━━━ DATA SHOWN

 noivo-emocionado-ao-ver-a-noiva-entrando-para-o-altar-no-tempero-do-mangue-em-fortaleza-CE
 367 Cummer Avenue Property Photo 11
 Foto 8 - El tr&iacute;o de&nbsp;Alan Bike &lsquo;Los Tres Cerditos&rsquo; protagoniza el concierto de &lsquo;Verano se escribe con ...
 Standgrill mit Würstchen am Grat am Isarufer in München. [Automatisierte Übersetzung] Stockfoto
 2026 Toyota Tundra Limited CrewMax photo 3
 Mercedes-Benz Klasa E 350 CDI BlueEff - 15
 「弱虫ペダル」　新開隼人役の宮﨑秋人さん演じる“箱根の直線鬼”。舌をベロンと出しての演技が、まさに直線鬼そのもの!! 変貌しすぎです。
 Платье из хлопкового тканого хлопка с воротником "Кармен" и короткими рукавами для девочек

━━━━━━

PROBLEM DETAILS: Your answer should hold the line with "Mercedes-Benz Klasa E 350 CDI BlueEff - 15" and each line after it to the end of the data, retyped exactly. Include no other lines.

SOLUTION TO THIS TASK:
 Mercedes-Benz Klasa E 350 CDI BlueEff - 15
 「弱虫ペダル」　新開隼人役の宮﨑秋人さん演じる“箱根の直線鬼”。舌をベロンと出しての演技が、まさに直線鬼そのもの!! 変貌しすぎです。
 Платье из хлопкового тканого хлопка с воротником "Кармен" и короткими рукавами для девочек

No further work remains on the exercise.